» **Exercise requirements**
Repeat the lines from the one containing "Zelensky during his speech" through the last line of the data, exactly, pictures omitted.
::::::::
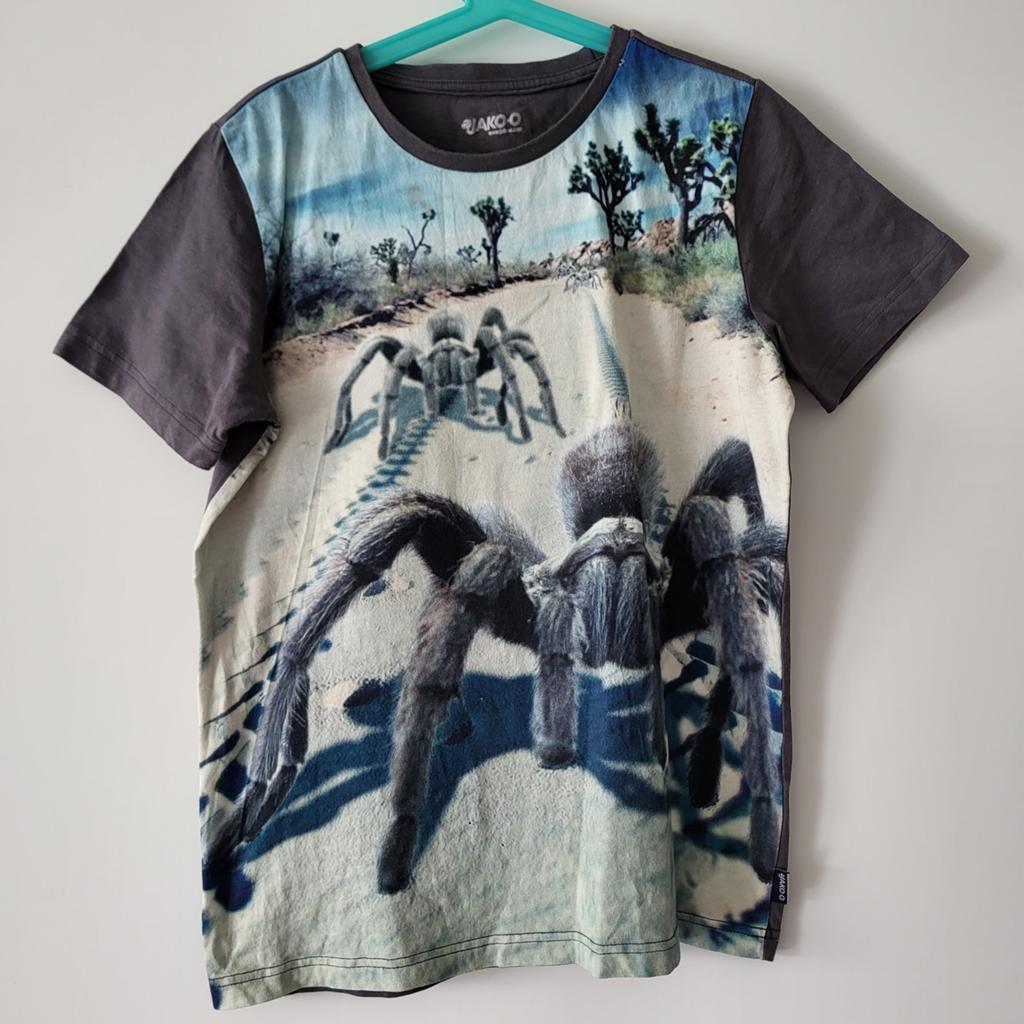 Jako-O T-shirt met spinnenprint, maat 140/146, Ophalen of Verzenden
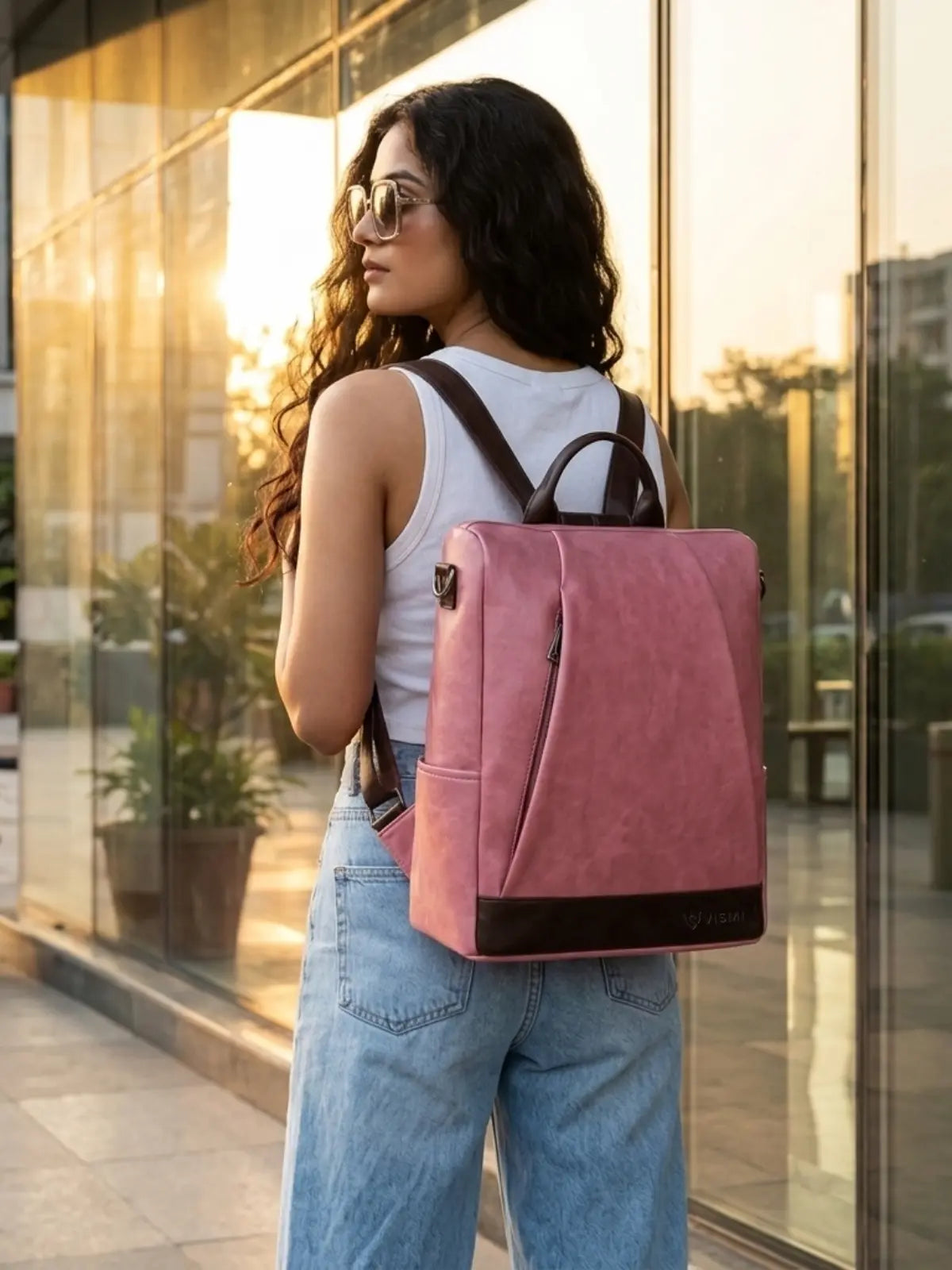 Timeless Kiara  Women Backpack Handbag - Blush Pink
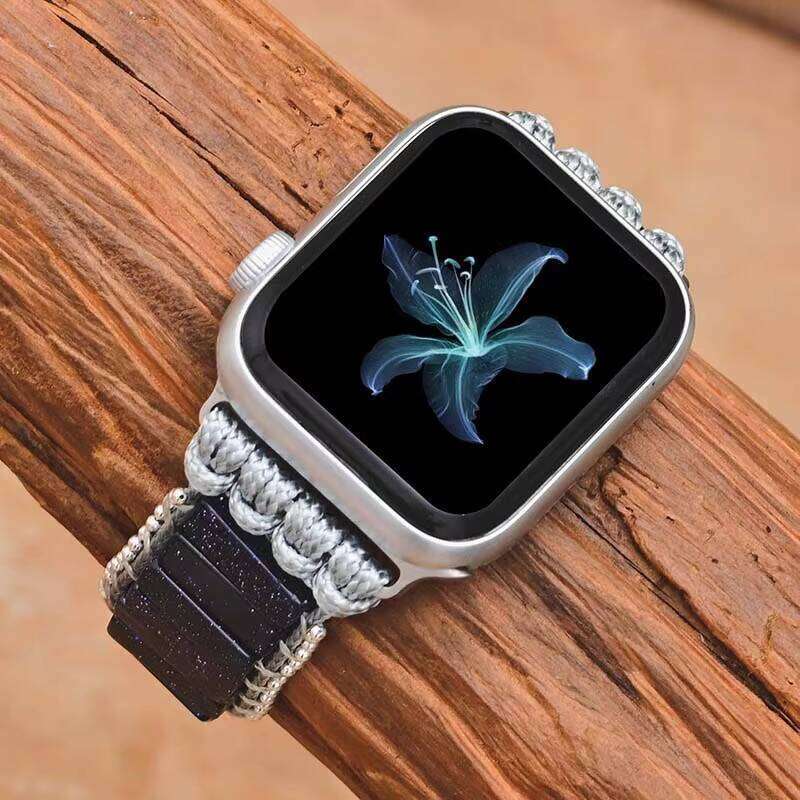 Natural Smart Handmade Bohemian Tubular Stone Unique Night Sky Watch Band 38 42 44 45mm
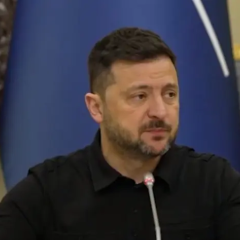 Zelensky during his speech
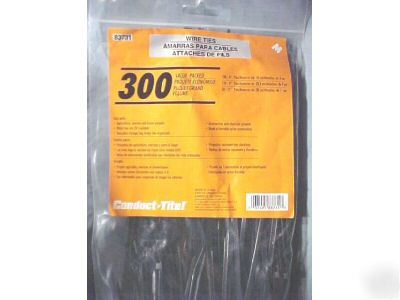 300 asst blk nylon wire ties for home, auto, & marine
::::::::
» **Problem solution**
 Zelensky during his speech
 300 asst blk nylon wire ties for home, auto, & marine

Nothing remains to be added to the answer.